Lots of customers are asking for a way to validate their document structure based on contents, not merely the structure of the document as BizTalk does by default.
Here's a simple method of achieving document validation within BizTalk Server 2004. Mind you, there is ofcourse a performance trade-off, as BizTalk needs to load the entire message into a DOM tree in order to perform this validation.
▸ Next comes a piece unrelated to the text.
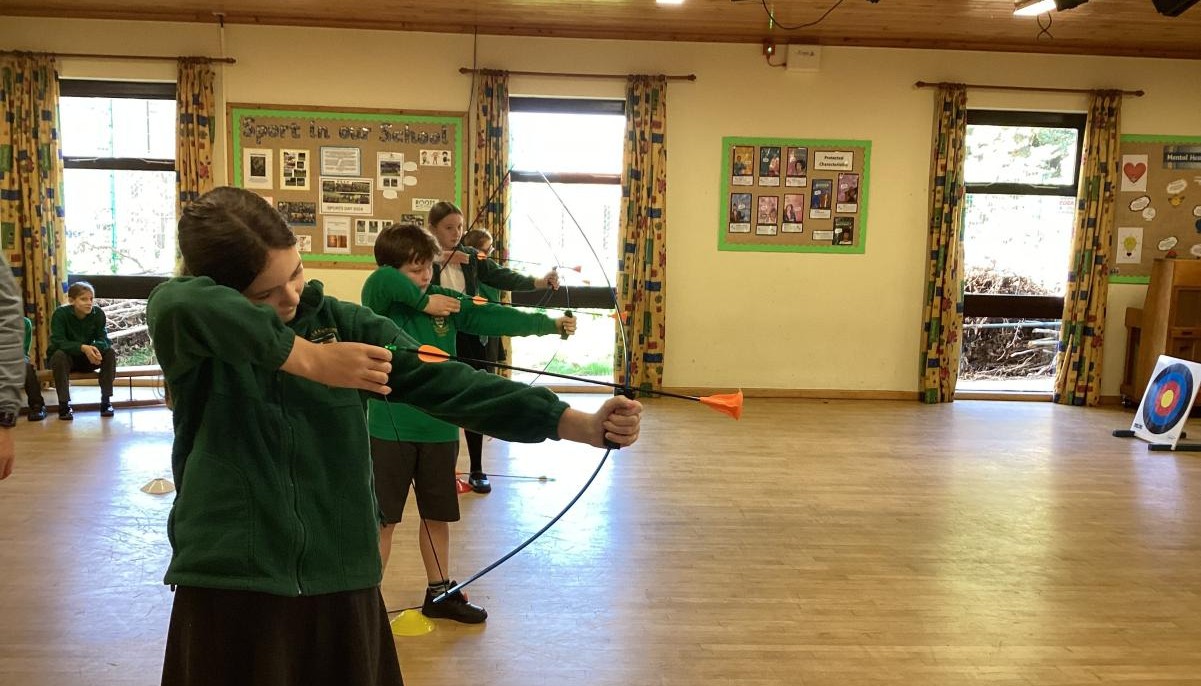 Pupils take part in archery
First, make sure your schemas actually define your datatypes in a correct manner. It's easy to define the structure and think you're done, but you rarely are. Another hint is to use include schemas, as the actual data definitions are quite frequently re-used, and this promotes definition re-use. An example for a dutch zipcode definition:
<?xml version="1.0" encoding="utf-16"?>
<xs:schema
xmlns:basetypes="http://basetypes.macaw.nl"
xmlns="http://SchemaValidation.inputSchema"
xmlns:b="http://schemas.microsoft.com/BizTalk/2003"
targetNamespace="http://schemas.macaw.nl/samples/inputSchema"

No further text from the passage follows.